Package 'Ibex' reference manual

Title:	Methods for BCR single-cell embedding
Description:	Implementation of the Ibex algorithm for single-cell embedding based on BCR sequences. The package includes a standalone function to encode BCR sequence information by amino acid properties or sequence order using tensorflow-based autoencoder. In addition, the package interacts with SingleCellExperiment or Seurat data objects.
Authors:	Nick Borcherding [aut, cre, cph], Qile Yang [ctb] (ORCID: <https://orcid.org/0009-0005-0148-2499>)
Maintainer:	Nick Borcherding <[email protected]>
License:	MIT + file LICENSE
Version:	1.3.1
Built:	2026-07-04 23:47:00 UTC
Source:	https://github.com/bioc/Ibex

Ibex: Methods for BCR single-cell embedding

Description

Ibex implements methods for embedding B-cell receptor (BCR) sequences from single-cell assays into a continuous latent space. It supports amino-acid property–based and sequence-order encodings via a TensorFlow autoencoder, and interoperates with common single-cell containers such as SingleCellExperiment and SeuratObject.

Details

Key features

Encode BCR sequence information using biochemical properties or raw sequence order (TensorFlow autoencoder).
Interoperate with SingleCellExperiment and SeuratObject for downstream analysis and visualization.
Utilities for loading pretrained models and managing dependencies in an isolated basilisk environment.

Getting started

browseVignettes("Ibex")

Models and caching Pretrained encoders can be retrieved with aa.model.loader(), which validates against internal metadata and caches downloaded artifacts; see the function help for cache location and behavior.

Python/TensorFlow note Ibex uses basilisk to provision an isolated Python environment at runtime; no manual setup is usually required.

Author(s)

Maintainer: Nick Borcherding [email protected] [copyright holder]

Other contributors:

Qile Yang [email protected] (ORCID) [contributor]

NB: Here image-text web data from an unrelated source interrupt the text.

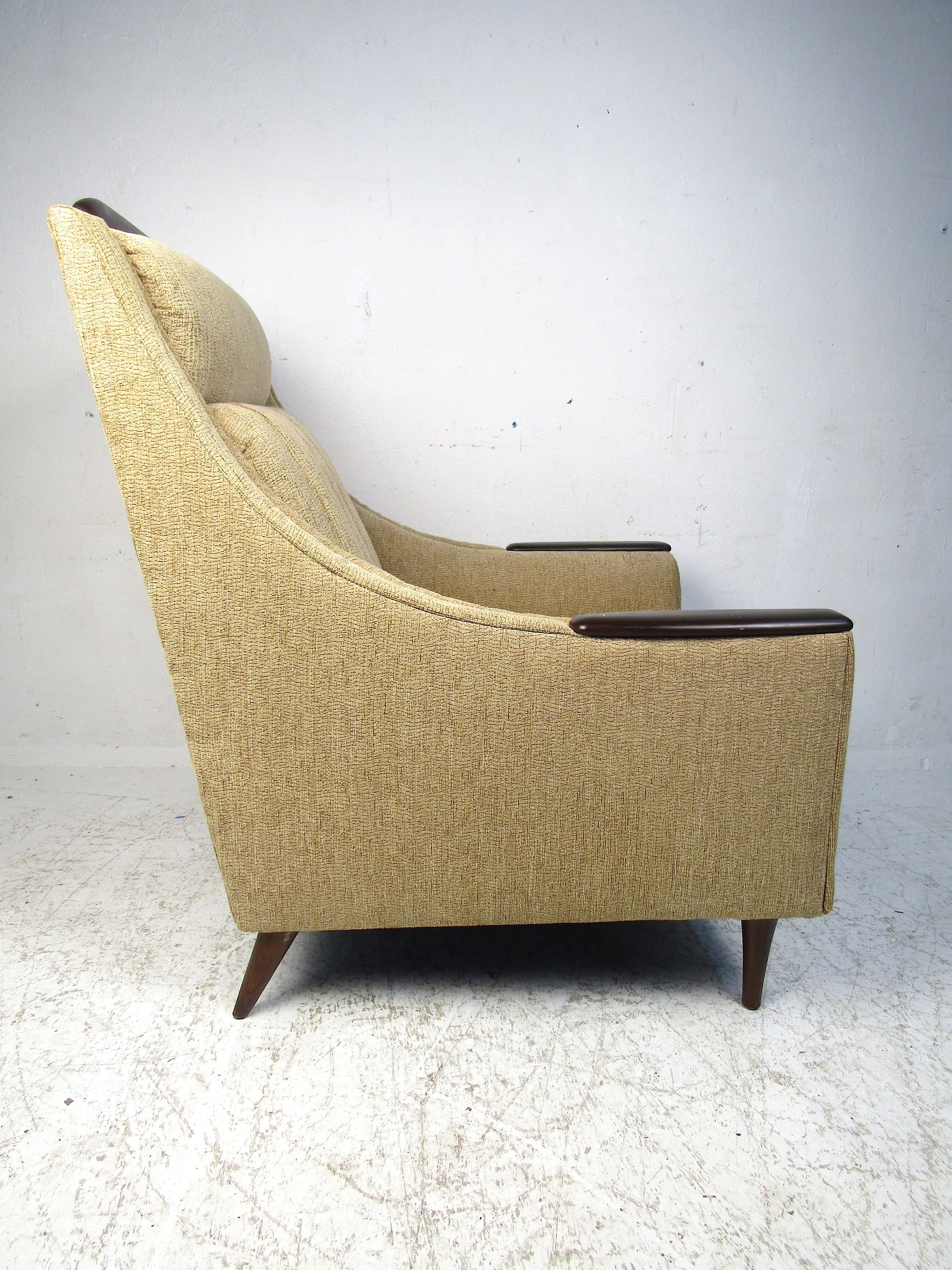 Midcentury Lounge Chair In Good Condition For Sale In Brooklyn, NY
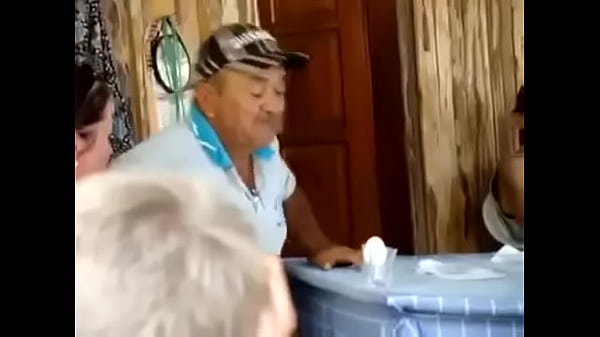 Turkish Man Says “Meow” at an Egg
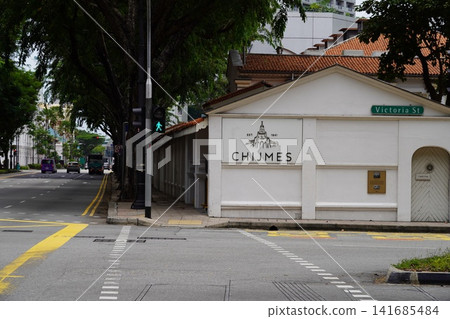 Singapore City Street Scene Featuring Historic CHIJMES Building Singapore City Street Scene Featuring Historic CHIJMES Building 141685484
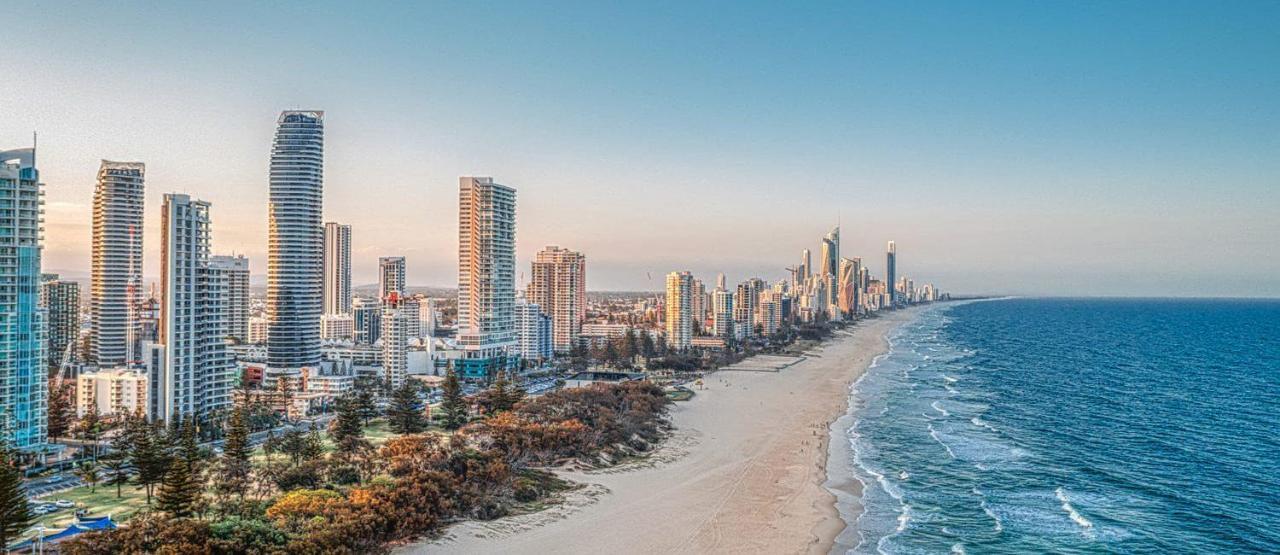 Air On Broadbeach Beachfront 2Level Stunning Apartment With 180 Degree Views Gold Coast Buitenkant foto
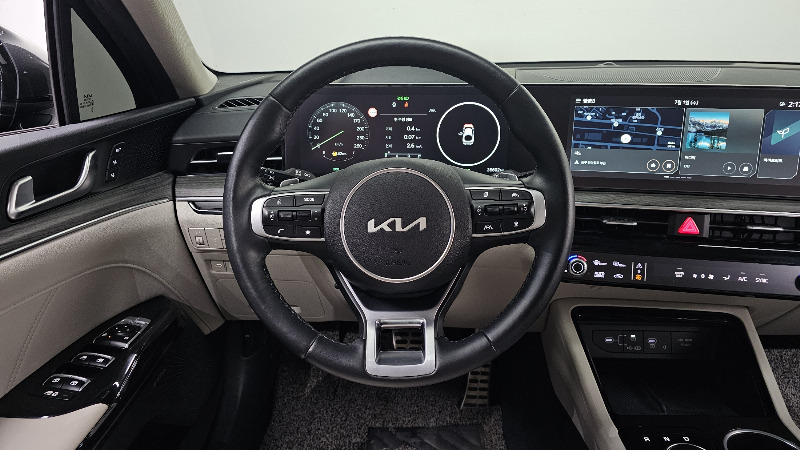 car KIA K5 id61053 photo #13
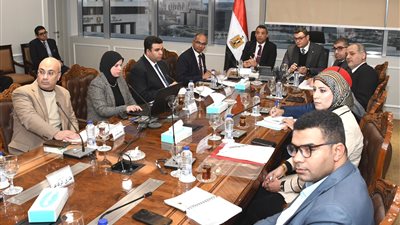 وزير الإسكان ومحافظ السويس يتابعان عددا من ملفات العمل والمشروعات المشتركة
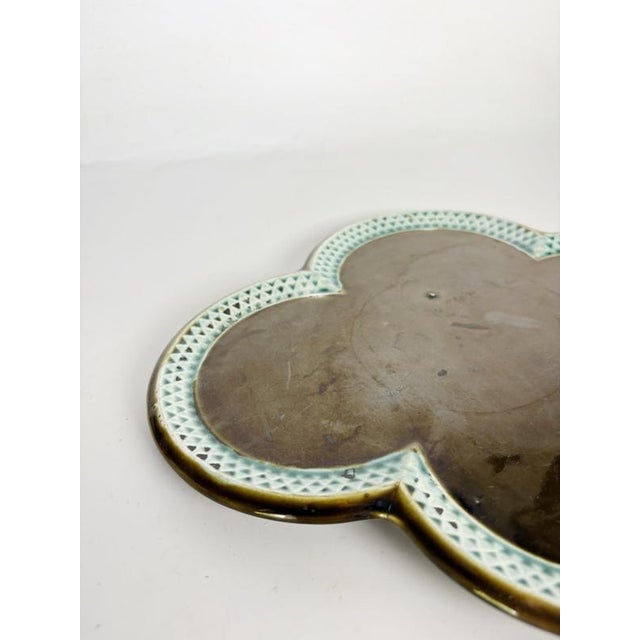 15th Century & Earlier Clover-Shaped Ceramic Dish, France, 20th Century For Sale - Image 5 of 10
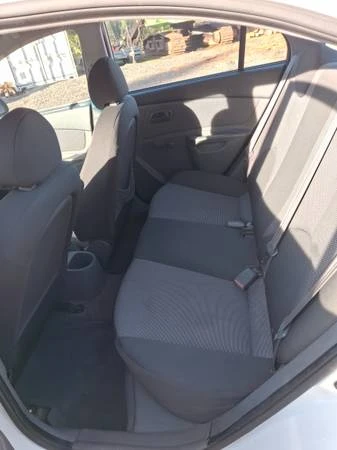 2009 Kia Rio - Image 6 of 8
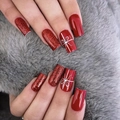 Unghie finte rosse glitterate natalizie con fiocchi bianchi e strass su sfondo di pelliccia - Stile Quadrato Lunga Scintillante Fiocco Lucido Rosso (XG-101-04)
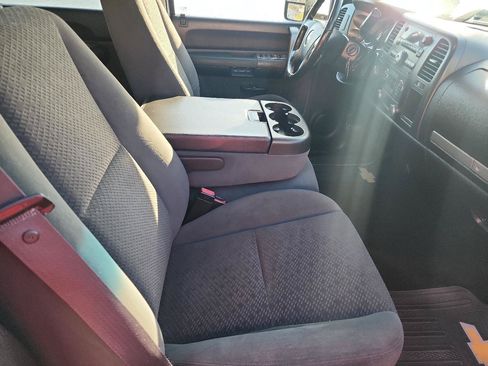 Used 2008 Chevrolet Silverado 2500 LT w/ 1LT Convenience Package AWD/4WD image 10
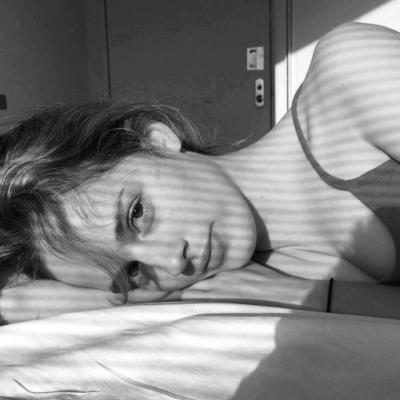 女生伤感心碎的头像(24张)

combineBCR for CDR1/2/3 sequences

Description

This function enhances BCR processing by incorporating additional sequence information from CDR1 and CDR2 regions before applying the BCR combination logic. The function depends on scRepertoire::combineBCR().

Usage

combineExpandedBCR(
  input.data,
  samples = NULL,
  ID = NULL,
  call.related.clones = TRUE,
  threshold = 0.85,
  removeNA = FALSE,
  removeMulti = FALSE,
  filterMulti = TRUE,
  filterNonproductive = TRUE
)
combineExpandedBCR(
  input.data,
  samples = NULL,
  ID = NULL,
  call.related.clones = TRUE,
  threshold = 0.85,
  removeNA = FALSE,
  removeMulti = FALSE,
  filterMulti = TRUE,
  filterNonproductive = TRUE
)

Arguments

input.data

List of filtered contig annotations.

samples

Character vector. Labels of samples (required).

ID

Character vector. Additional sample labeling (optional).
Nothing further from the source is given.